▶ [Exercise instructions]:
Print out all of the records exactly; no picture belongs in the result.

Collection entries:
===
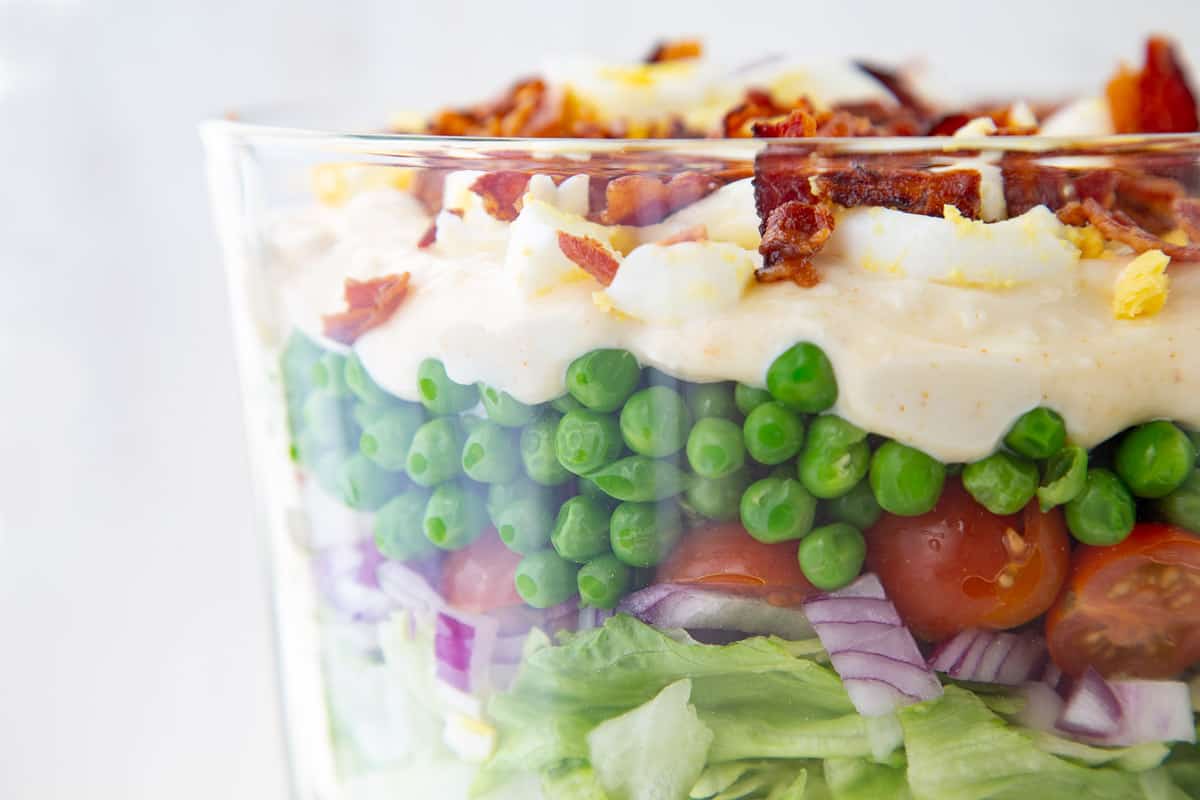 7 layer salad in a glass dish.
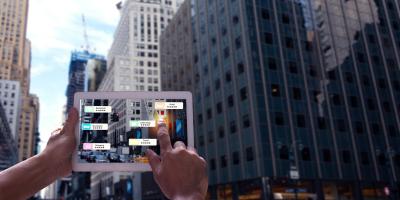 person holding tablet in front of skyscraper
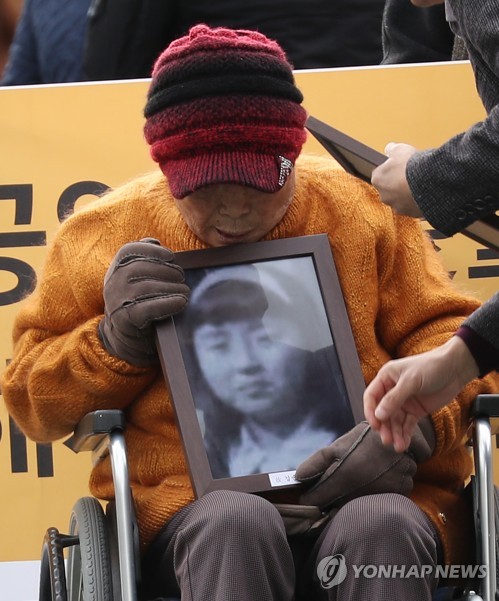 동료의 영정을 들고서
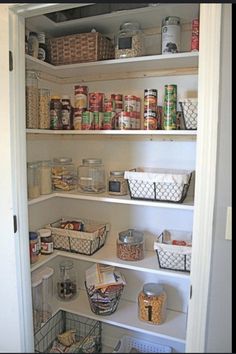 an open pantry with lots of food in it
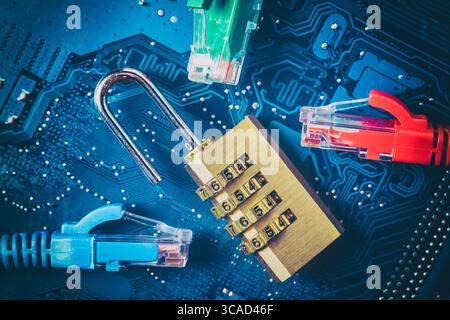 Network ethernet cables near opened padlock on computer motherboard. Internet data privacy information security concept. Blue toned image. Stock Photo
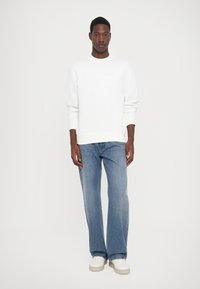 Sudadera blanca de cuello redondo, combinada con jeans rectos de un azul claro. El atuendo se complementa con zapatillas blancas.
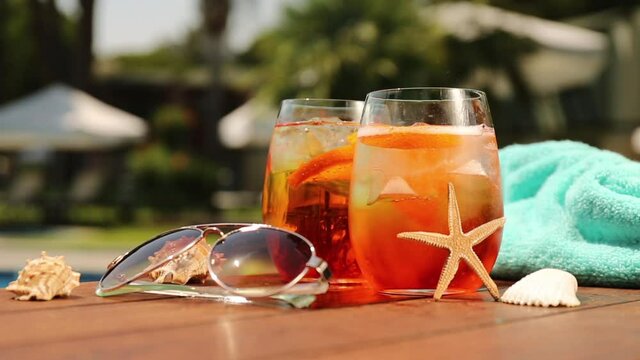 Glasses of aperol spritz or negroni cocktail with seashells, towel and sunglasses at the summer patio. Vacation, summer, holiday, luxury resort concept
===
▶ [Written response]:
 7 layer salad in a glass dish.
 person holding tablet in front of skyscraper
 동료의 영정을 들고서
 an open pantry with lots of food in it
 Network ethernet cables near opened padlock on computer motherboard. Internet data privacy information security concept. Blue toned image. Stock Photo
 Sudadera blanca de cuello redondo, combinada con jeans rectos de un azul claro. El atuendo se complementa con zapatillas blancas.
 Glasses of aperol spritz or negroni cocktail with seashells, towel and sunglasses at the summer patio. Vacation, summer, holiday, luxury resort concept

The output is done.